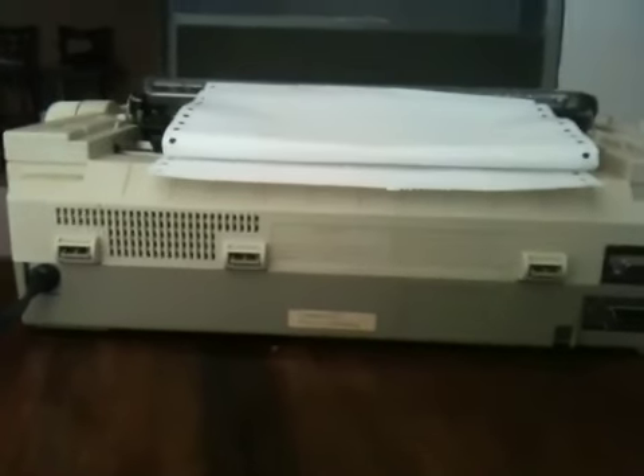Here's the back of it. I'm not able to test it because I don't have the modem cable capability. It does come with the power cord attached.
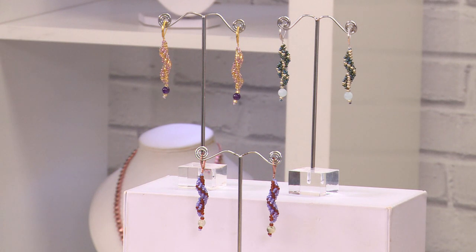Hello everyone, it's Mark Smith here. Welcome to this amazing beading tutorial. Today I'm going to show you how to make these incredibly stylish and very simple spiral earrings. If you've never beaded before, this is the perfect tutorial for you.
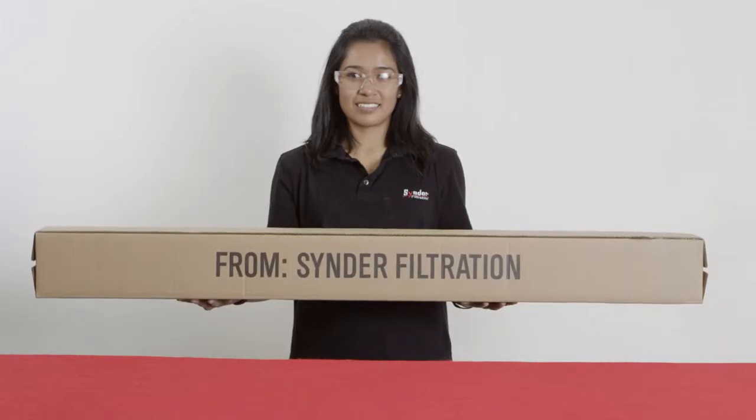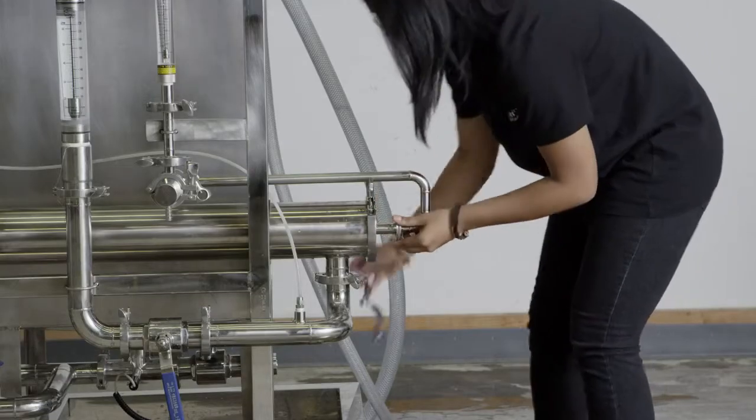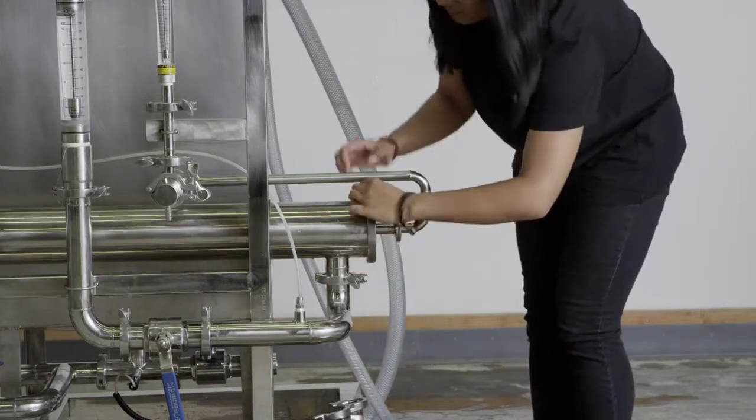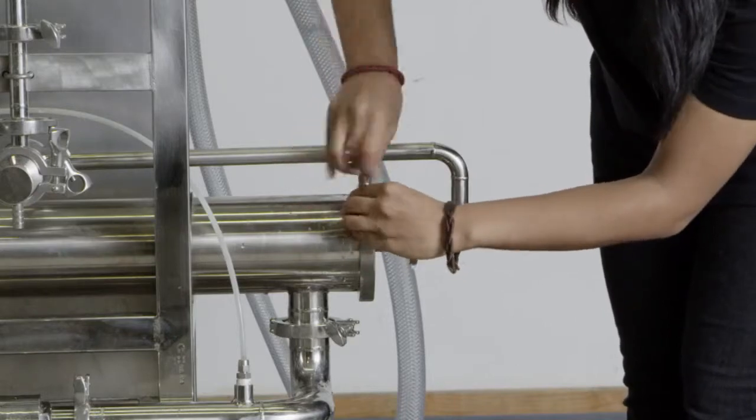After conducting a thorough cleaning of the elements and system followed by the final DI water rinse, flush the system with a preservative solution of DI water, sodium metabisulfite, and glycerin.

---

§ Task directions
Without including any picture, output all the material exactly as it appears.

§ Exercise response
Here's the back of it. I'm not able to test it because I don't have the modem cable capability. It does come with the power cord attached.
Hello everyone, it's Mark Smith here. Welcome to this amazing beading tutorial. Today I'm going to show you how to make these incredibly stylish and very simple spiral earrings. If you've never beaded before, this is the perfect tutorial for you.
After conducting a thorough cleaning of the elements and system followed by the final DI water rinse, flush the system with a preservative solution of DI water, sodium metabisulfite, and glycerin.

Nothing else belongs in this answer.